##### Supplied data #####

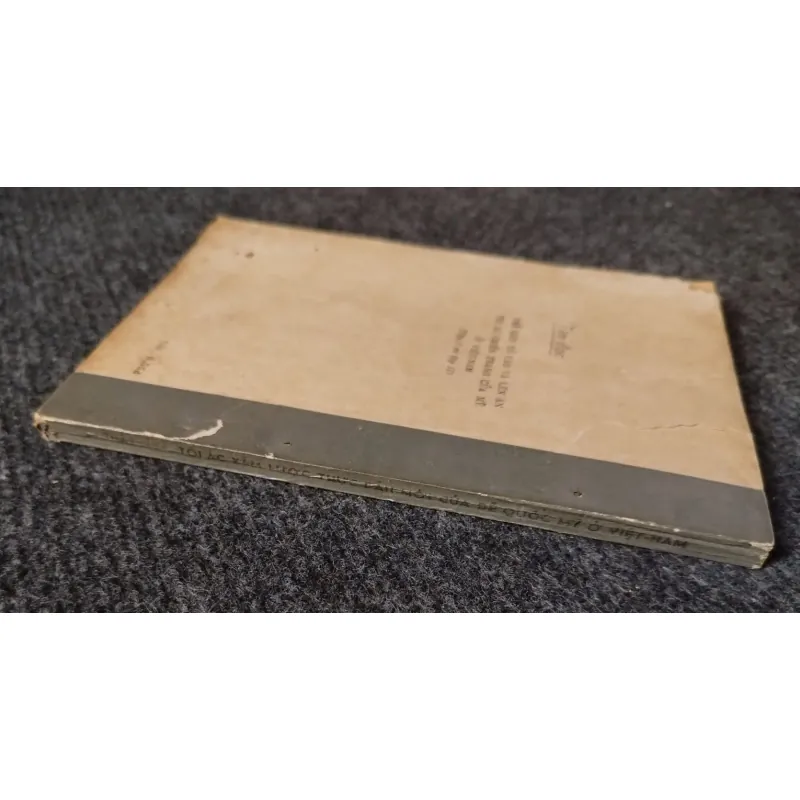 Tội ác xâm lược thực dân mới của đế quốc Mỹ ở Việt Nam 1011247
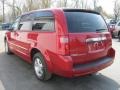 Inferno Red Crystal Pearl - Grand Caravan SXT Photo No. 2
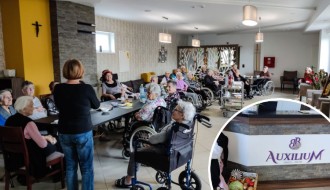 Dom za negu starih "Auxilium BB" - više od godinu i po dana uspešno brine o starijim sugrađanima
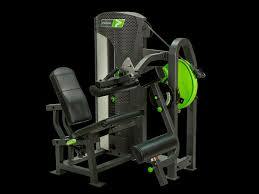 Prime Fitness, Prime Fitness Hybrid Seated Leg Curl H-124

#####

### To do:
Only the pictures are to be left out; restate everything else in the listing word for word.

### Task solution:
 Tội ác xâm lược thực dân mới của đế quốc Mỹ ở Việt Nam 1011247
 Inferno Red Crystal Pearl - Grand Caravan SXT Photo No. 2
 Dom za negu starih "Auxilium BB" - više od godinu i po dana uspešno brine o starijim sugrađanima
 Prime Fitness, Prime Fitness Hybrid Seated Leg Curl H-124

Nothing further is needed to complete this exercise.